Based on the above, we obtain the 5 movies that are most similar to movie with id: 471. They are:
William Shakespeare's Romeo + Juliet (1996),
"Jacob's Ladder (1990)',
'Bride of the Wind (2001)',
'Stop Making Sense (1984)',
'Mighty Wind, A (2003)',
'Kon-Tiki (2012)'.

## The Report 
### Motivation: 
I dig deep into ALS collaberative recommendation engine by using Spark MLlib and give recommendation with user based movie recommendation with a scalable matrix factorization technique.

### Step1

First I load four of datasets, namely movie, rating, links and tags and conduct a number of data explorations on these data to get some basic information, such as number of users, number of movies, number of ratings per users and per movies respectively, and distribution of movies on different genres.

### Step2

After doing data preprocessings, I build an ALS model based on the rating data to predict the ratings, which is treated as degree of preference of movies among different users.
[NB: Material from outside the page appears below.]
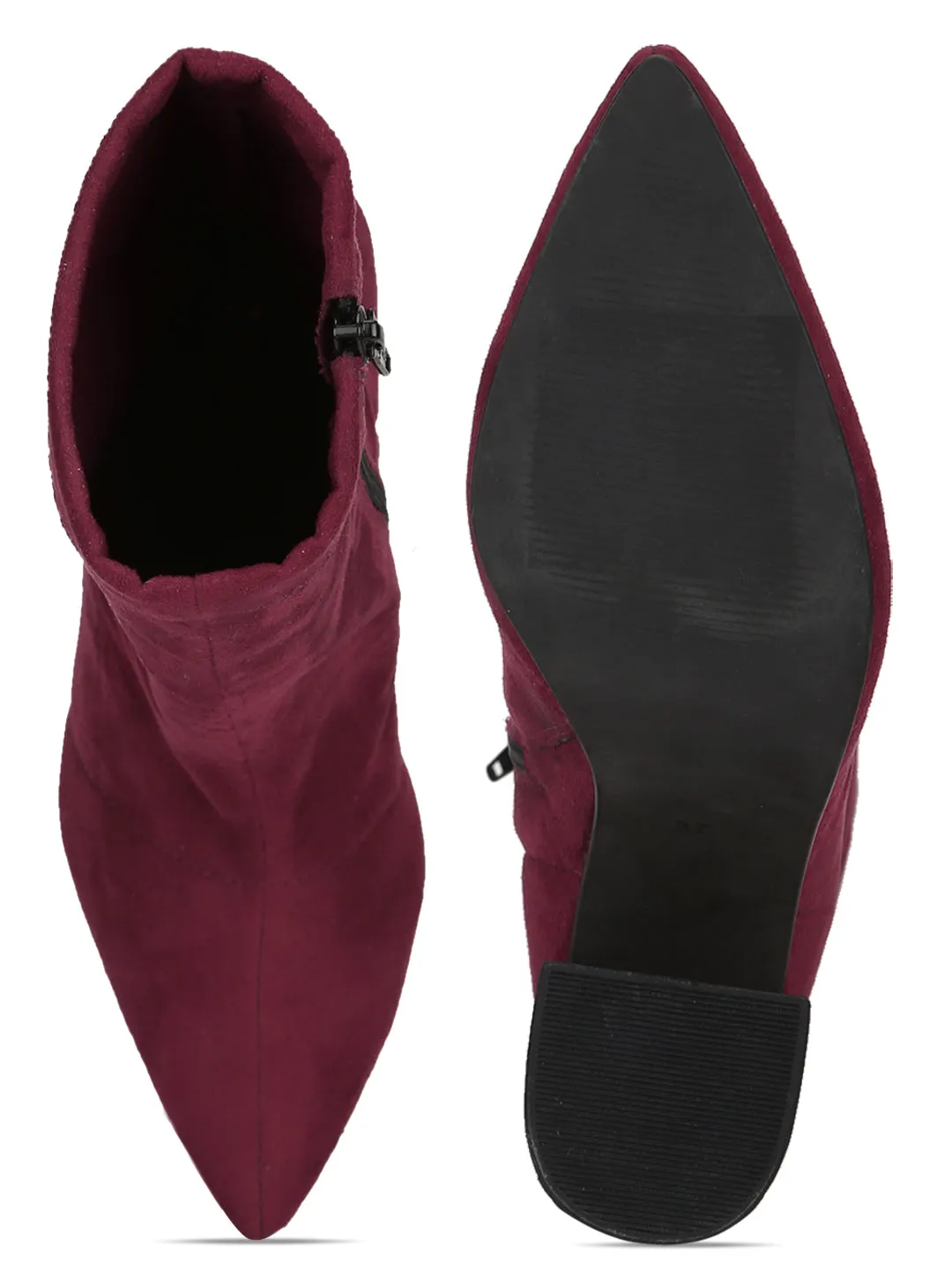 Burgundy Suede Pointed Toe Sock Mid Calf Boots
The parameters (maxIter, rank, regParam) are tuned by grid search strategy via 5-fold cross validation to obtain the model with the smallest RMSE on the validation set. This is considered to be the best model for prediction.

### Step3

By the best model obtained from the above step, making predictions of ratings on movies in the test set and calculating the RMSE to evaluate the model performance  are preparing for the next step.

### Step4  

In this step, I use the prediction results by the best model to recommend 5 movies for userID 575 and 232 respectively; and we also find 5 movies that are the most similar to movie with movieID 471 and 463 by the approximate nearest neighbor search algorithm on the movie feature vector.

### Conclusion
The RMSE of the best ALS model on the test data is 0.71, indicating the model is with good performance in predicting the ratings for movies; ALS model is able to provide both recommendations of movies based on user's preferences and also similar movies to a specific movie, which shows its effectiveness as one of most critical techniques in recommendation system. More works can be considered to further improve the model performance, such as making use of information from other data sets such as genres of movies and tag information, building ALS model incorporatng both explicit and implicit feedbacks, and try some other techniques such as KNN, Deep Learning, applying ensemble based on several methods, and so on.